During his senior campaign, Daniels led Highland High School to a 28–5 record en route to the Valley Championship. His senior averages of 24 points and 13 rebounds had him making the all-league and all-conference selection. He was also a two-time Player of the Year.

As a freshman for Bakersfield Junior College, he averaged 17.6 points and 10.5 rebounds per game. During his sophomore season, he scored more than 20 points thirteen times to garner averages of 17.7 points and 11.7 rebounds. During his 66-game college career, Daniels registered 44 double-doubles and was a two-time all-Western State Conference selection. He averaged 17.7 points on .592 shooting, 11.4 rebounds. 2.8 blocks and 1.7 steals in his two-year career, where he was the second-leading scorer for his team.

Daniels then moved to Utah State of the NCAA Big West Conference, being named the conference's "Newcomer of the Year" by Street & Smith's Basketball Magazine. As a junior, he was a first-team all-Big West selection on averages of 12.0 points on .581 shooting, 7.9 rebounds, 1.7 blocks and 1.3 steals in 34 games. His 58 blocks ties for first on the USU single-season blocks list with Gilbert Pete, and his 267 rebounds were the 20th most. Leading the team in every category except steals, Daniels also led the league in rebounds and double-doubles (7). He was named co-MVP of the three-game Big West Tournament with teammate Troy Rolle, where he averaged 9.7 points, 6.7 rebounds, and 3.0 blocks, and shot 57.1 percent. Daniels was also named Big West Defense Player of the Year while leading the team to the second round of the NCAA Tournament.

==Professional career==

Daniels has played in various leagues, most notably powering the Air21 franchise of the Philippine Basketball Association to third place in 2005, under former head coach Bo Perasol. In a second tour of duty for the franchise, Daniels towed the team to the quarterfinals with him averaging 23 points and 17 rebounds per game during the 2007 PBA Fiesta Conference.

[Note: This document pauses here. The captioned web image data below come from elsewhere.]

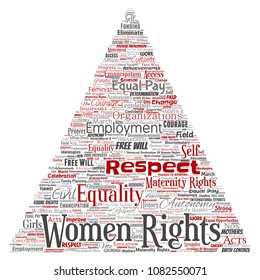 Vector conceptual women rights, equality, free-will triangle arrow red word cloud isolated background. Collage of feminism, empowerment, integrity, opportunities, awareness, courage, education concept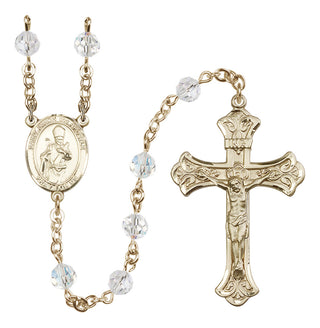14 Karat Gold 6mm Austrian Crystal Saint Simon the Apostle Rosary in Crystal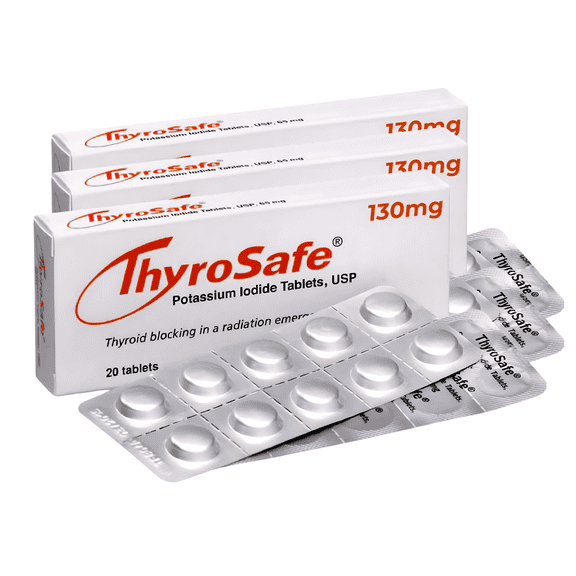 ThyroSafe 130mg Potassium Iodide Tablets (60 Pack) - Protects Your Thyroid from Nuclear Radiation Exposure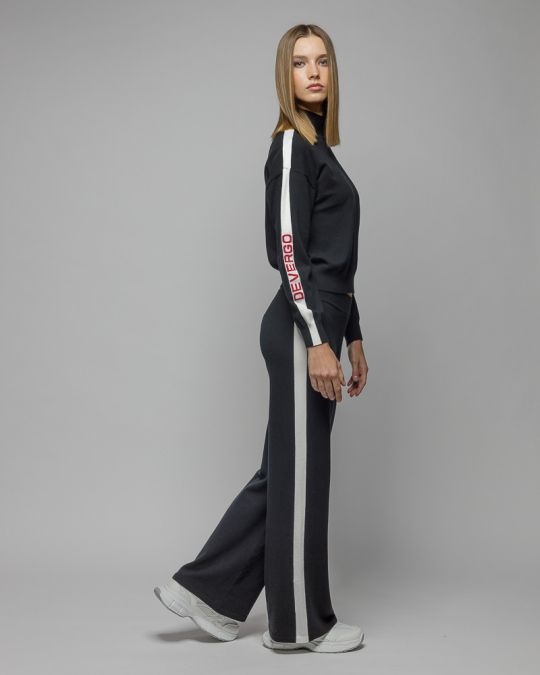 BLACK WOMEN'S KNITTED TURTLENECK SWEATER 2D25FW6531LS1101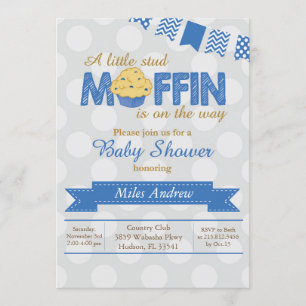 Invitation au Baby shower Stud Muffin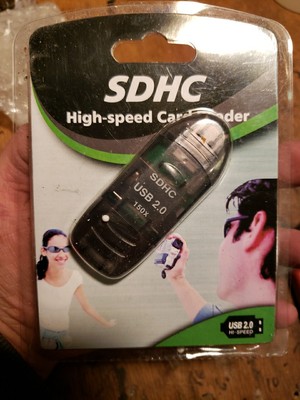 NEW Precision Design USB 2.0 SDHC Card Reader Free Shipping Stick W/ Cover Black
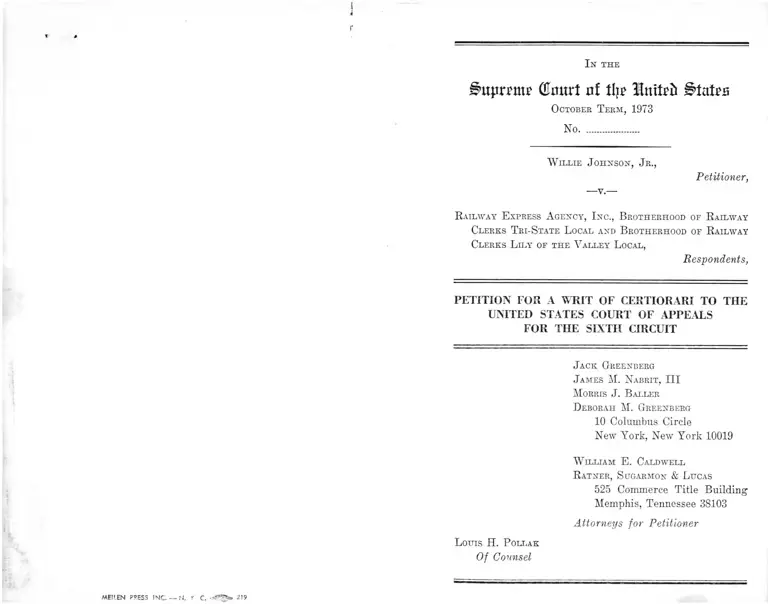 Johnson v. Railway Express Agency, Inc. Petition for a Writ of Certiorari to the US Court of Appeals for the Sixth Circuit preview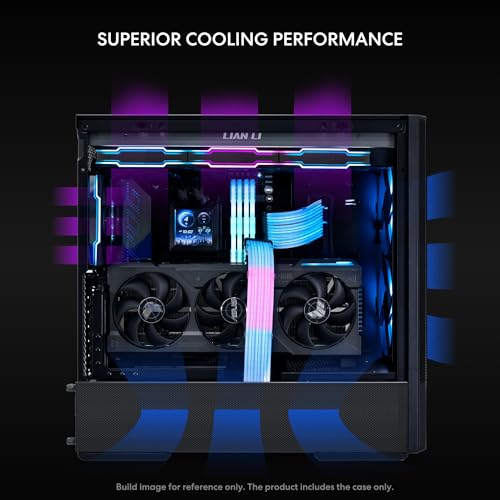 LIAN LI LANCOOL 207 Compact ATX RGB Gaming Computer Case  Airflow Optimized Mesh Panels Tower Chassis w/ 2x140mm ARGB 2x120mm PWM Fans Pre Installed  USB Type C Port  Tempered Glass Side Panel  Black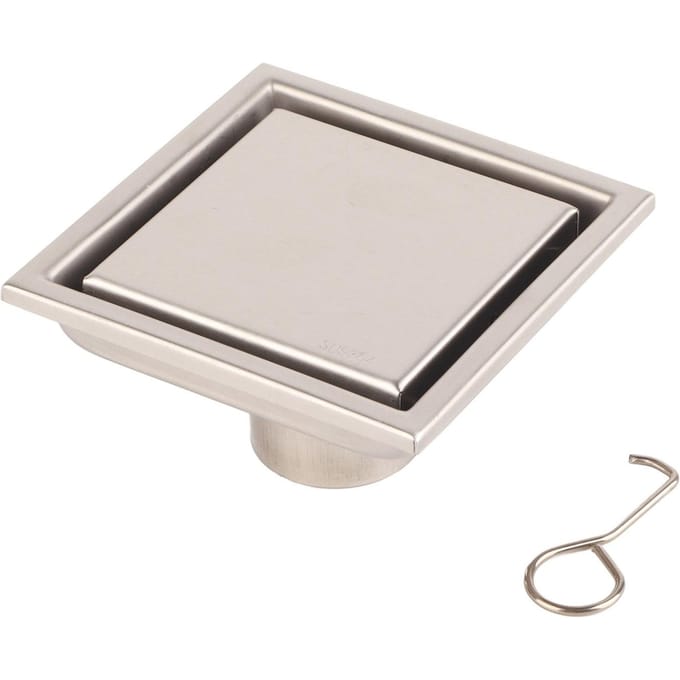 Drain de sol de salle de bain anti-odeur en acier inoxydable de forme carrée white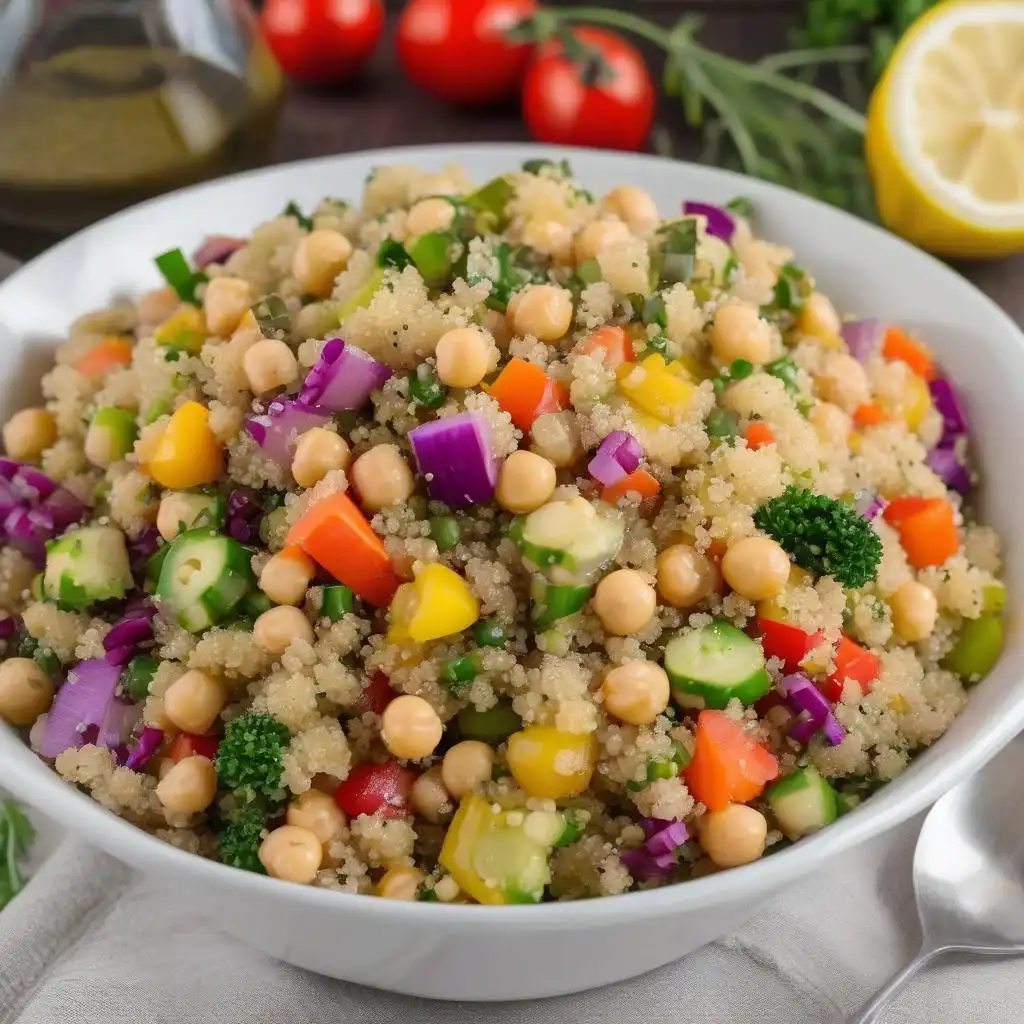 Colorful quinoa salad with fresh vegetables and herbs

Daniels won Continental Basketball Association (CBA) championships with the Dakota Wizards in 2002, and Oklahoma /Lawton–Fort Sill Cavalry in 2008 and 2009.

On October 21, 2011, it was announced that Daniels had made the final 12-man roster for the National Basketball League of Canada's London Lightning.

==Player profile==
Daniels played as a power forward. Standing 6 ft 8 in (2.03 m), he was known during his college career at Utah State for his defensive play; he led the Big West Conference in rebounds and double-doubles during his junior season and was named the conference's Defensive Player of the Year.